See. That's the problem with selective color. It's an effect that dominates an image; when selective color is being used, it's impossible to see the rest of the image. Not looking at the image now, all i remember about it is purple. I couldn't tell you much about the girl, how old she is, what color her hair is, nevermind my impression about her personality.


----------



## BlueMeanieTSi (Jun 12, 2012)

Interesting, the only purple color was a small spot on her bathing suit top you could see above her shirt .

Here, made this one jsut for you:


----------



## unpopular (Jun 12, 2012)

I was refering to the headband, actually. Which I guess is more pink than purple!

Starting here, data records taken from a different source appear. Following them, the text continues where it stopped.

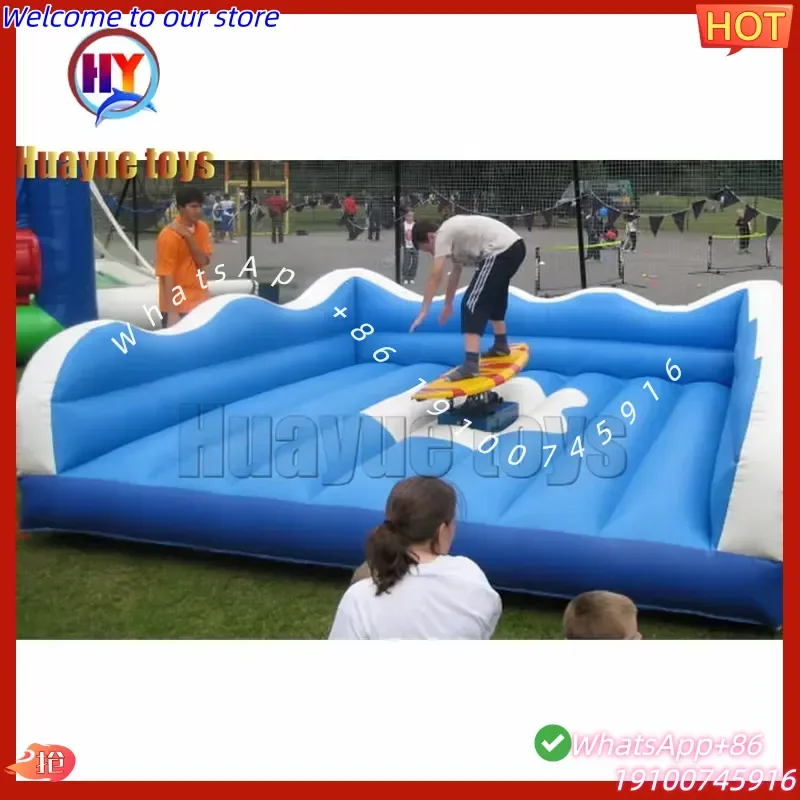 2026Hot PVC Sport Inflatable Surf Machine Simulator Game, Inflatable Surfing Game Mechanical Surfboard for Sale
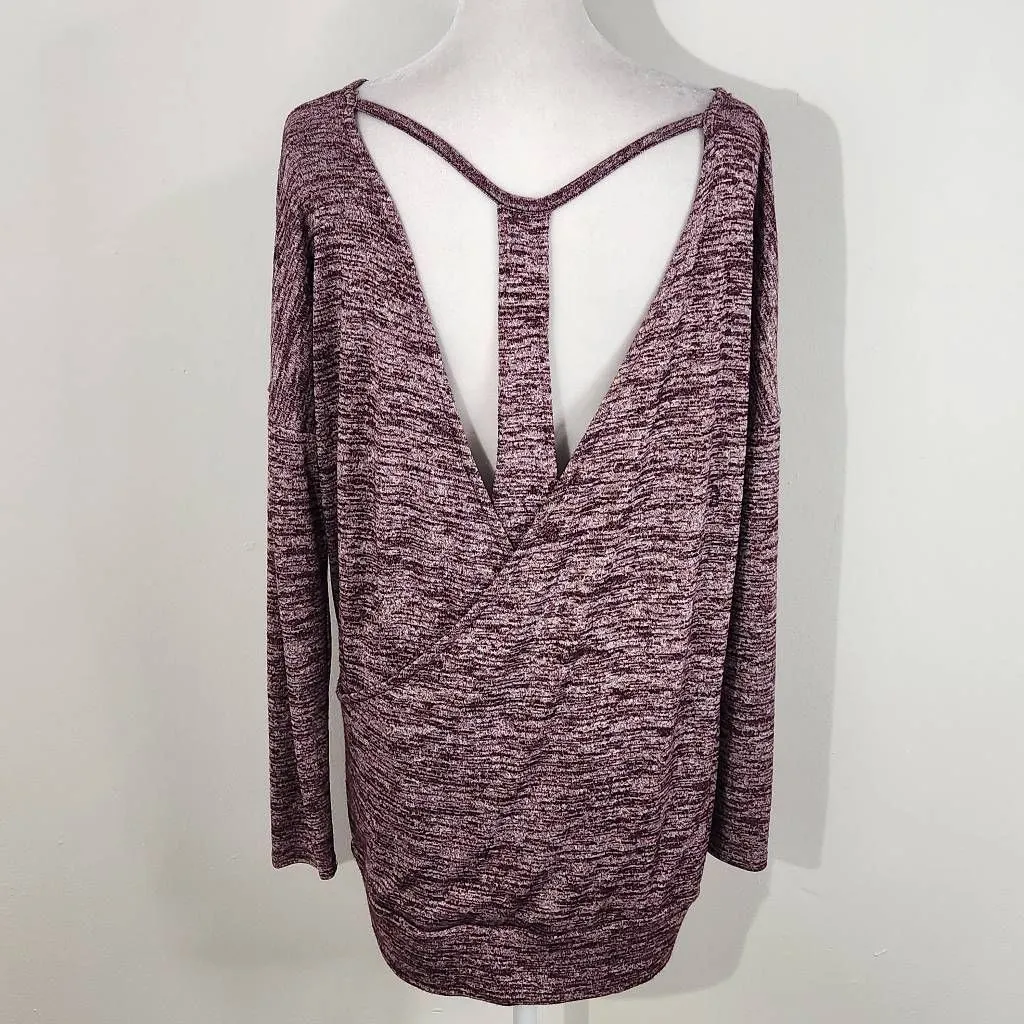 Athleta Plum Top with Draped Cutout in Back Size Medium Burgundy Knit Top - Image 5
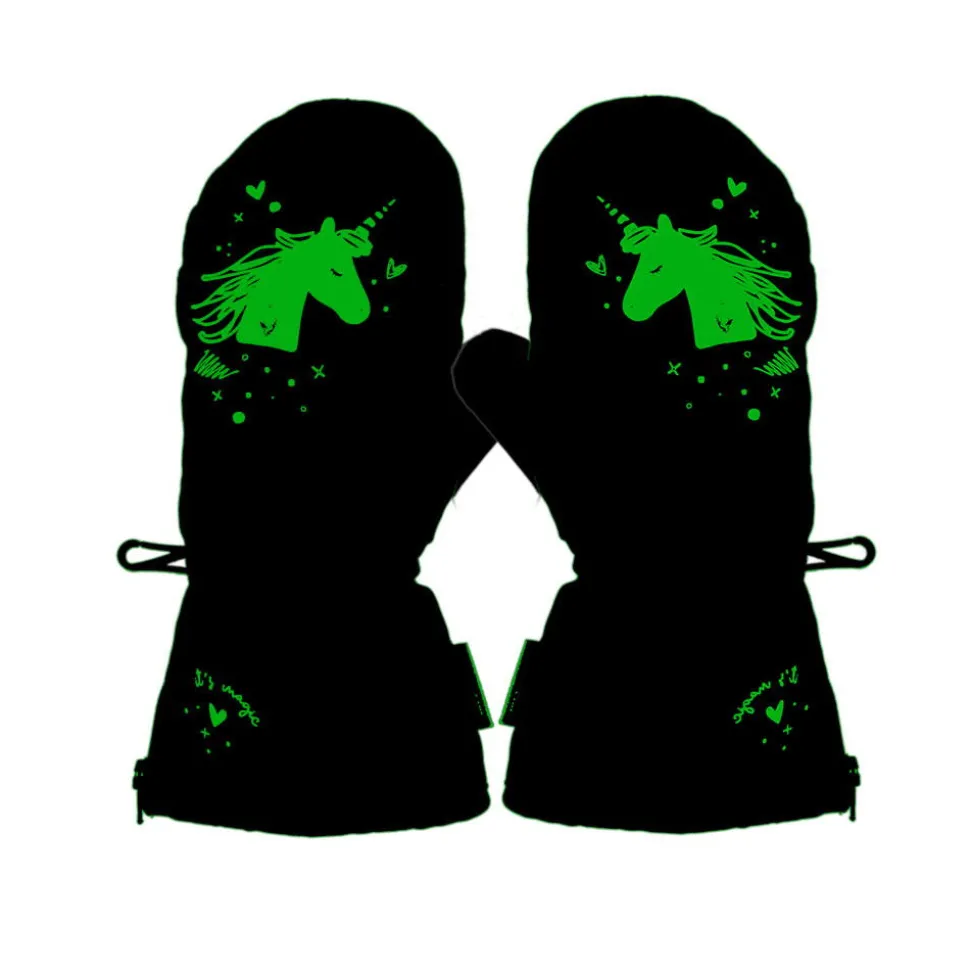 MINI GIRL-Thermofausthandschuh Daumen, "Einhorn", glow in the dark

It's a nice portrait with good DOF separation, if not a little less DOF might be a good idea, excellent b/w conversion, though the skin seems a little airbrushed - maybe not, just a bit digital and sterile ... otherwise silvery. As others have pointed out, the hand is cropped oddly, but the moment is captured well and candid.

A 4x5 crop ratio might be better?


----------



## BlueMeanieTSi (Jun 12, 2012)

I did a surface blur to her skin because she's 12 and plays 4 different sports, her skin is always bruised and scratched up so it is a bit "airbrushed".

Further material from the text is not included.